There is an option between feeling and faking - recalling.  When a composer
writes a passage which is genuinely sorrowful, it will often recall sorrow
to mind, and cause the welling up of a tear where there was none.  After
all, the purpose of composing is to organise, and organise the mind and
emotions of those who will touch that music above all else.  The composer
is not writing a letter in most cases, instead there is the moment of
feeling, and only later does the means to cast that feeling in music become
possible.  The composer knows that he has suceded if the music recalls the
moment that gave rise to it.

This same process is true of the actor: he need not be in the character's
emotional state, but if he has experienced it, then all that is needed is
to conjure it from before.  And in doing so transport himself to that
moment.  He does nto feel as he did before, because in recalling, he may
inflect it, as we might wish to change a nightmare as we are having it.
The actor is the waking man altering what in morning light seems a dream.
Thus Shakespeare tells us the stage is life - life as it would be lived if
we could treat reality as we do our night time lives.

- - -

Speak memory, though your voice is fading.

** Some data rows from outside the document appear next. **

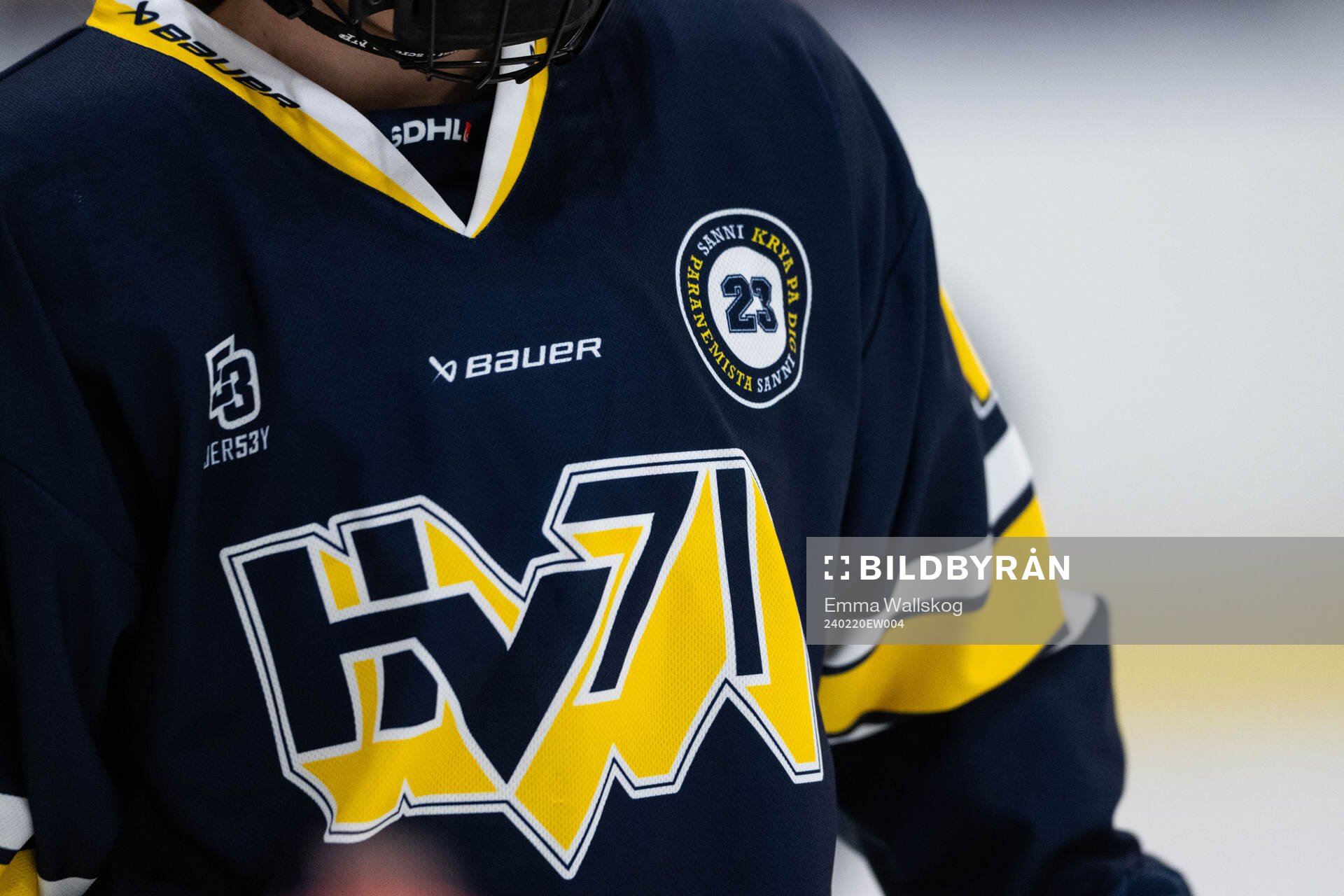 HV71s spelare med tröjor för att hedra Sanni Hakala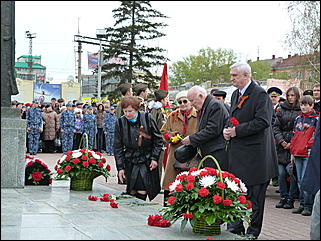9 мая 2011 г., Барнаул   Возложение цветов к Мемориалу Славы     
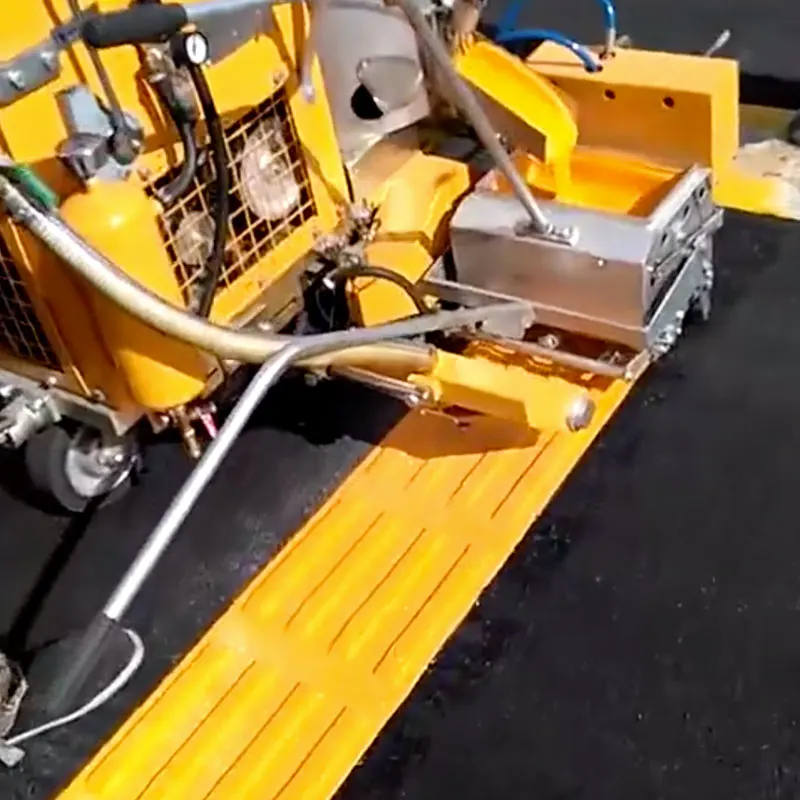 Factory direct sale hot melt road marking ribs line machine made in China cheap price pavement marking machine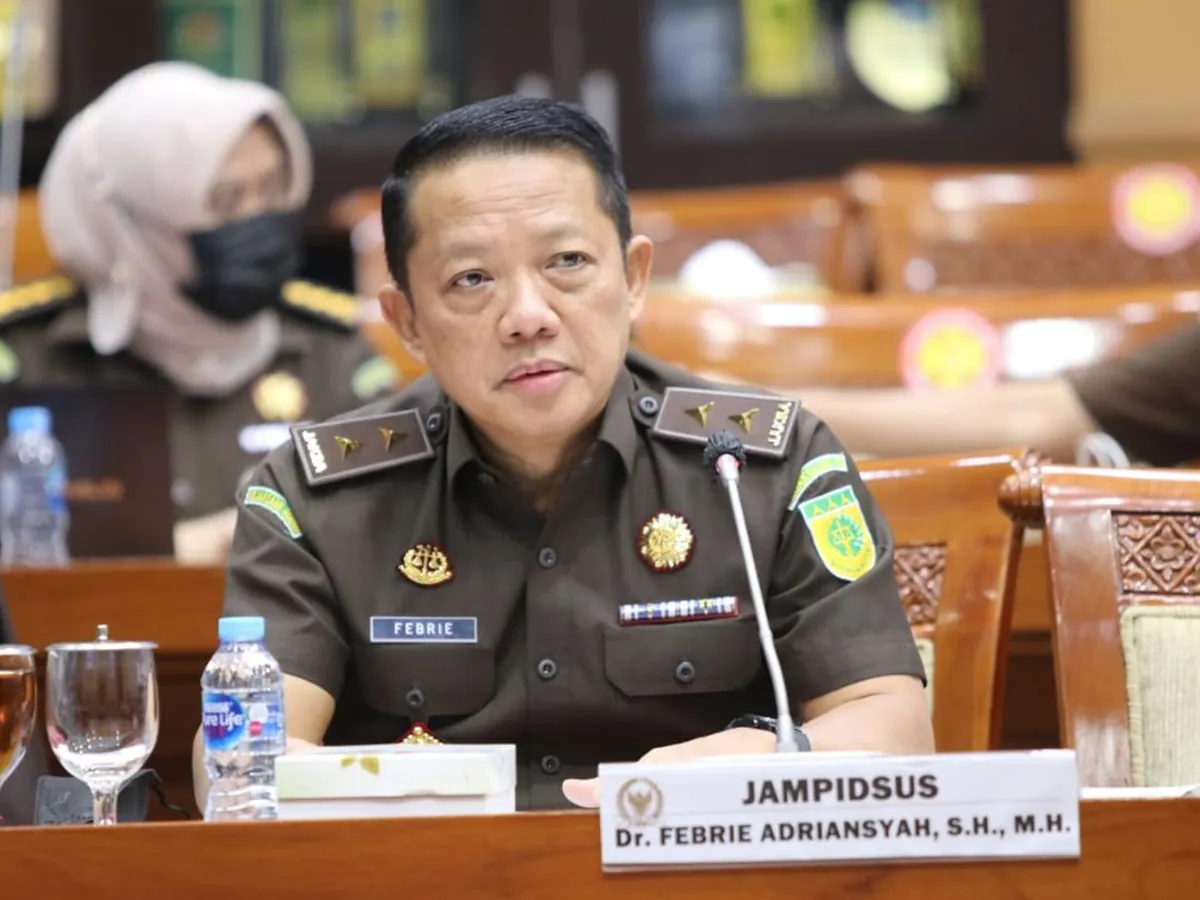 Febrie Adriansyah Mundur dari Jampidsus, Langsung Jadi Tersangka
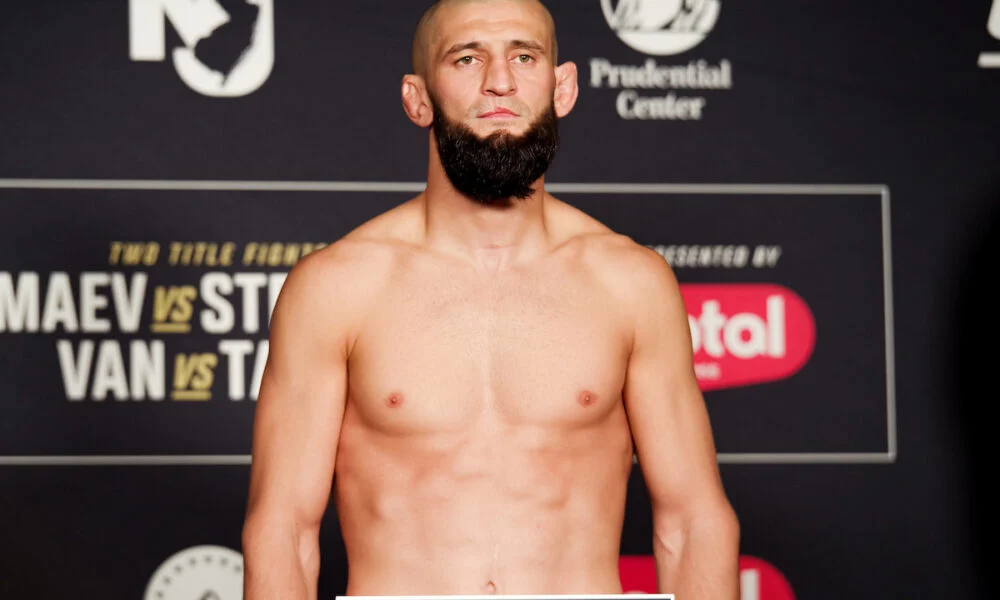 Chimaev Quebra o Silêncio e Pede Paz Após Confusão Envolvendo Lutadores Chechenos e Iraquiano: ‘Somos Irmãos’, Declara Estrela do UFC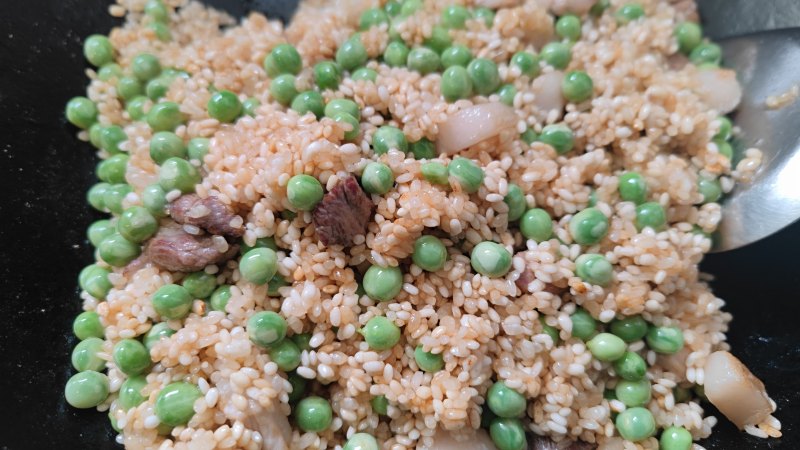 Steps for Cooking Salty Rice with Sichuan Flavor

When a composer works, he concentrates on the crafting, or on the
transference of idea to craft.  In the wake of creation he often finds he
has churned up moments which he had lost contact with, though they were
within him.

When composing the aurora from what would become a String Quartet in Ab,
tears found themselves streaking down my cheeks - so clearly had it called
to mind a sunrise some years before where someone exited my life never to
reenter.

Was I sad at the time? Not in the same sense.

This role of memory in music, where a moment is in search of music to be
interlocked with, has not been lost on composers - especially in the 19th
century.  If language is what we remember with - it is music that is the
language of recalling it to mind.  It is capable of doing so without the
clumsy devices of invoking, or recitation of details, it needs no frame to
flash back, nor other turning, instantaneously the past flowers into the
present.

The actor and the composer create a montage of recall, each mercurially
leading into the next.  And so assemble a story which is as it was lived,
but in a way that is to living as waking is to dreaming.